Developer instructions

These are docker images for Cellular Genetics Informatics JupyterHub installation that are based on docker-stacks and used with Zero to JupyterHub with Kubernetes for scientific analysis.

⚠️ images contain poststart scripts that run when the instance is launched and may override default files such as .condarc and .Rprofile from the home directory.

Updating JupyterHub on k8s

  1. Clone the private repository with Cellgeni JupyterHub settings:
git clone  https://gitlab.internal.sanger.ac.uk/cellgeni/kubespray/
cd kubespray/sanger/sites
  1. Add the new user's Github username to auth.whitelist.users or change Docker image at singleuser.image.tag in jupyter-large-config.yaml.

  2. Commit and push your changes so that your colleagues do not override your changes in the following upgrades

git add jupyter-large-config.yaml && git commit -m "Add new users" && git push
  1. Upgrade Jupyter with
helm upgrade jptl jupyterhub/jupyterhub --namespace jptl --version 0.8.0 --values jupyter-large-config.yaml
  1. Wait until the hub's state switches into Running.

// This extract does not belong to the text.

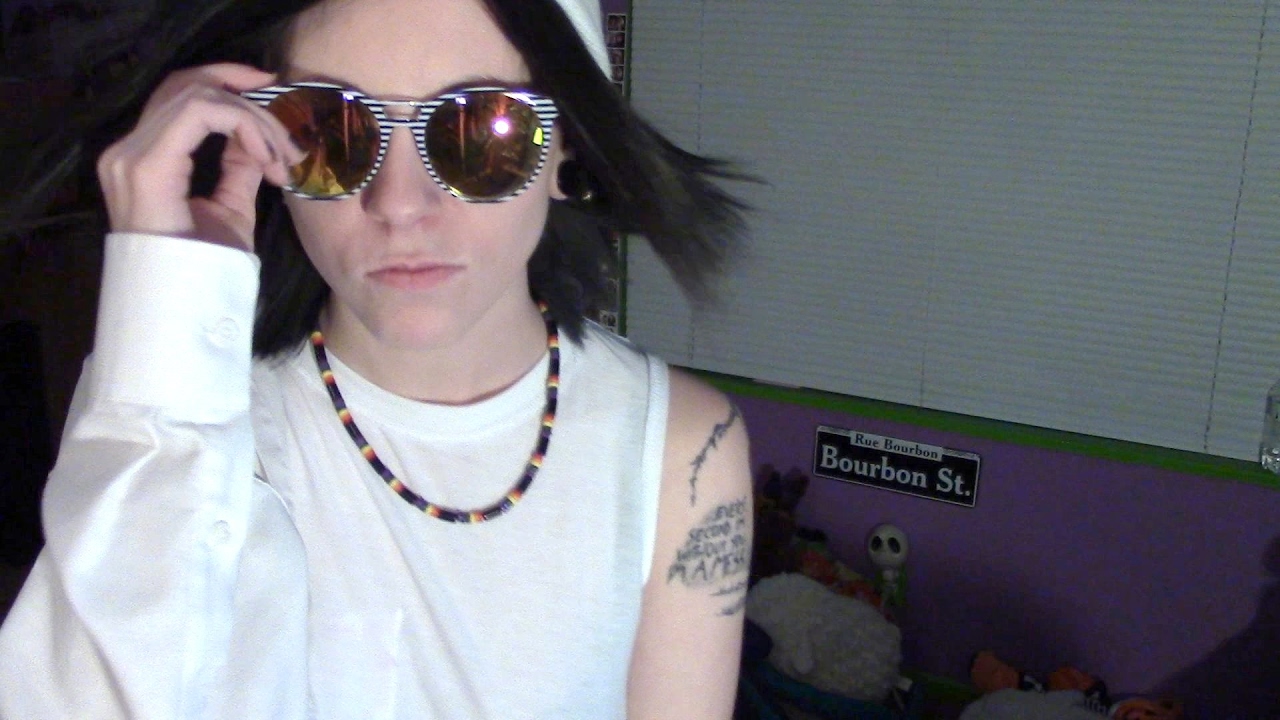 My Guilty Pleasure Song! | AnnieDelirium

Monitor through kubectl get pods -n jptl.

User instructions

  1. In your browser go to https://jupyter.cellgeni.sanger.ac.uk.
  2. Use your Github credentials for authentication. It may take some time to load first time.
  3. Now you are ready to run your notebooks!

Read the docs for Cellgeni JupyterHub

Resources

At the moment by default every user is given 50GB (guaranteed) to 200GB (maximum, if available) of RAM and 1 (guaranteed) to 16 (maximum, if available) CPUs. Default storage volume is 100G.

Important notes

  • JupyterHub environment and storage are not backed up
  • Keep your notebooks light. Notebooks over 100MB will give you unexpected errors.